Javier Milei, candidato libertário à presidência da Argentina, que disputa o segundo turno das eleições presidenciais no dia 19 de novembro contra Sergio Massa, candidato do peronismo, defende que a dolarização da economia argentina resolveria, inicialmente, parte da grave crise econômica que assola o país neste momento.
Diferente do plano de Menem, que apenas “forçou” uma paridade do peso com o dólar americano, Milei quer adotar a moeda dos EUA como sendo a moeda oficial do país.
"Proponho a livre concorrência entre as moedas e a reforma do sistema financeiro. Assim, o mais provável é que os argentinos escolham o dólar e, aí, você dolariza [a economia do país]”, disse ele em uma entrevista para uma emissora argentina no começo deste ano.
Diferenças entre os planos
O professor de Relações Internacionais do Ibmec de São Paulo, Carlo Cauti, destacou as diferenças fundamentais entre a dolarização proposta por Milei e a política de paridade cambial do governo Menem.
Em entrevista à Gazeta do Povo, Cauti ressaltou que o descontrole das contas públicas e o gasto excessivo do governo naquela época tornaram a política da paridade cambial bastante insustentável.
“Ao imprimir mais moeda e fixar a obrigação de um dólar para cada peso, a Argentina enfrentou desafios cambiais”, disse Cauti.
Cauti contrasta a política do governo Menem com a proposta atual de dolarização defendida por Milei, explicando que a ideia do libertário funcionaria melhor porque ela “elimina o Banco Central e a capacidade do governo de imprimir dinheiro”.
“A dolarização [proposta por Milei] força a responsabilidade fiscal, pois o governo não poderá se endividar sem garantias de que existam investidores dispostos a comprar ativos em dólares”, afirmou o professor.

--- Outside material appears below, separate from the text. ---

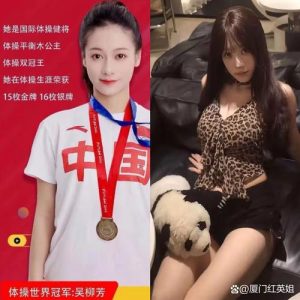 网红大咖“林娜”私下交易曝光，幕后黑手揭露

Segundo Cauti, a proposta de dolarização apresentada por Milei destaca a responsabilidade nos gastos públicos como elemento central, uma abordagem que, de acordo com o professor, era ausente durante o governo de Menem e a era da política de paridade cambial.
Cauti afirma que Milei vê a proposta de dolarização neste momento como “a única solução” para evitar a “persistente irresponsabilidade fiscal na política argentina”. O professor também enfatizou a necessidade de se “remover a máquina de dinheiro das mãos dos políticos”, o que poderia finalmente garantir uma gestão fiscal mais responsável no país sul-americano.

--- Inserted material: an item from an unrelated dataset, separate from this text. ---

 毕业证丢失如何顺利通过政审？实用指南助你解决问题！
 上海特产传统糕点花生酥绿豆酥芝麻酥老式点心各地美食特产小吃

“A dolarização com certeza vai ser bem melhor do que a paridade cambial, porque a paridade cambial era uma insensatez econômica”, disse Cauti.

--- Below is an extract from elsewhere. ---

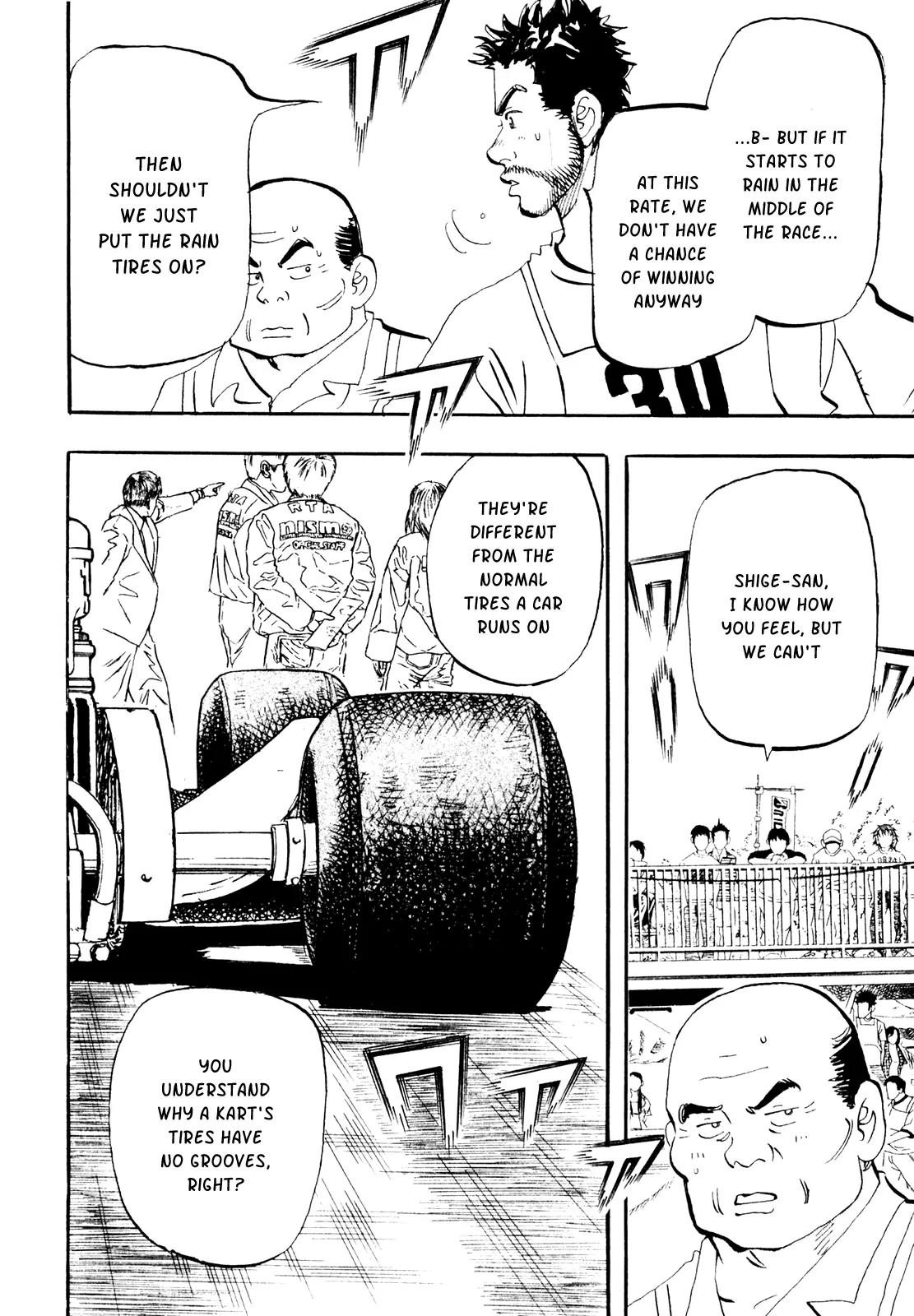 Capeta chapter 22 page 42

Efeitos negativos da paridade podem se repetir no plano de dolarização?
Para o professor Carlo Cauti, isso dificilmente pode acontecer. Ele pontua que o conceito de dolarização defendido por Milei é completamente diferente da proposta de paridade cambial de Carlos Menem, justamente porque a dolarização do libertário será precedida pela responsabilidade fiscal – o que evitará colapsos futuros - e parte da substituição por completo da moeda oficial do país.
Para Cauti, a proposta de dolarização de Milei tem grandes chances de obter sucesso e tirar a Argentina da atual crise econômica, já que ela está intrinsicamente ligada também à uma abertura comercial mais abrangente do país.
Segundo o professor, a Argentina vive atualmente “uma situação crítica”, marcada pela “má gestão pública, corrupção endêmica e falta de responsabilidade fiscal”. É por esse motivo que a dolarização é a “única alternativa viável” para resolver os atuais problemas econômicos do país neste momento.
Cauti também enxerga a proposta de Milei como uma resposta a “incapacidade histórica de outros líderes argentinos” em formular uma política econômica “racional”. Segundo ele, a incapacidade econômica e irresponsabilidade dos últimos governos ficou ainda mais evidenciada pelo desastre do atual governo peronista de Alberto Fernández e Cristina Kirchner, que é caracterizado pela "alta inflação, pela rejeição popular, e por ter colocado uma parcela significativa da população argentina abaixo da linha da pobreza".
“Acredito que diversos setores seriam impactados positivamente pela dolarização. As camadas mais pobres da população, que sofrem consideravelmente com a inflação, veriam benefícios, assim como a classe média”, disse Cauti.